All (or mostly) black watches have been around, famously making their mark when Hublot introduced the Big Bang All Black model in 2006. The black ceramic timepiece was 44.5 millimeters, and many of the black watches that followed were also generously sized.
To be sure, women could, and did, wear them, but black watches designed on a smaller scale have appeared: Ralph Lauren, Dior, Chopard and Bulgari all recently introduced black watches in the 30-to-39 millimeter range.
This is “really a fashion company’s approach to watches,” said Virginie Liatard, a watch specialist at Phillips in Geneva. “You have the Porsche-designed black watch worn by Tom Cruise in the last ‘Top Gun’ movie.
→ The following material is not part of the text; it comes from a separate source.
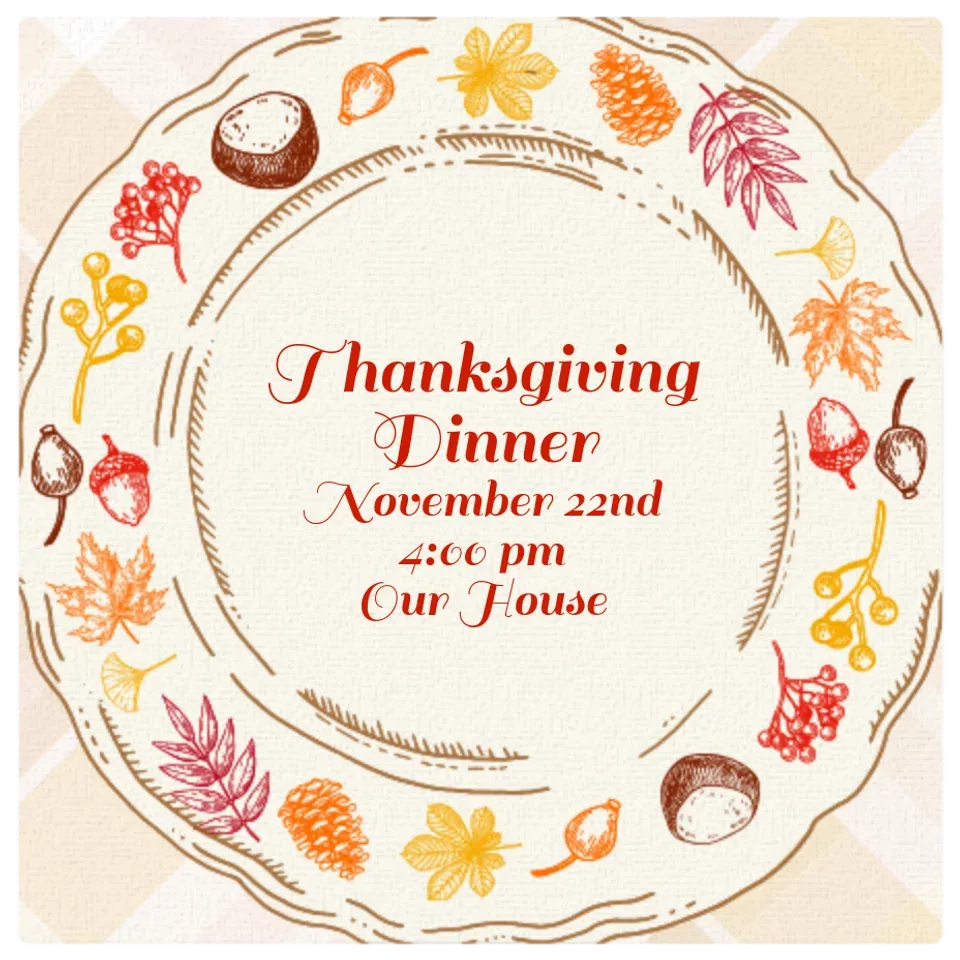 Thanksgiving Dinner Plate card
They did a ladies’ version that is small and black-coated, but Porsche is not a watchmaker. It seems that black watches for women tend not to come from watchmakers.” An example: Ralph Lauren’s latest Stirrup collection watch, available in 36 millimeters and 32 millimeters, with a matte black finish and black lacquered dials.
Bulgari introduced an all-black Octo L’Originale Ultranero watch for men in 2017 before following with a full black watch for women last year.
“Our first approach to black was as a watchmaker, not as a jeweler,” said Antoine Pin, Bulgari’s managing director of watches. “But we felt we were missing something. We needed some contrast. The jeweler wanted to highlight the black by putting it with gold.” The results: the black Serpenti Seduttori and the black Serpenti Spiga, both accented with rose gold and diamonds.
Initially, Mr. Pin said, the brand was “not thinking of a black watch as a little black dress. But it’s an obvious product for ladies — it’s elegant, chic and modern, but you don’t think that when you’re a watchmaker. In the world of fashion, the LBD is important. In the world of watches, it’s less obvious.”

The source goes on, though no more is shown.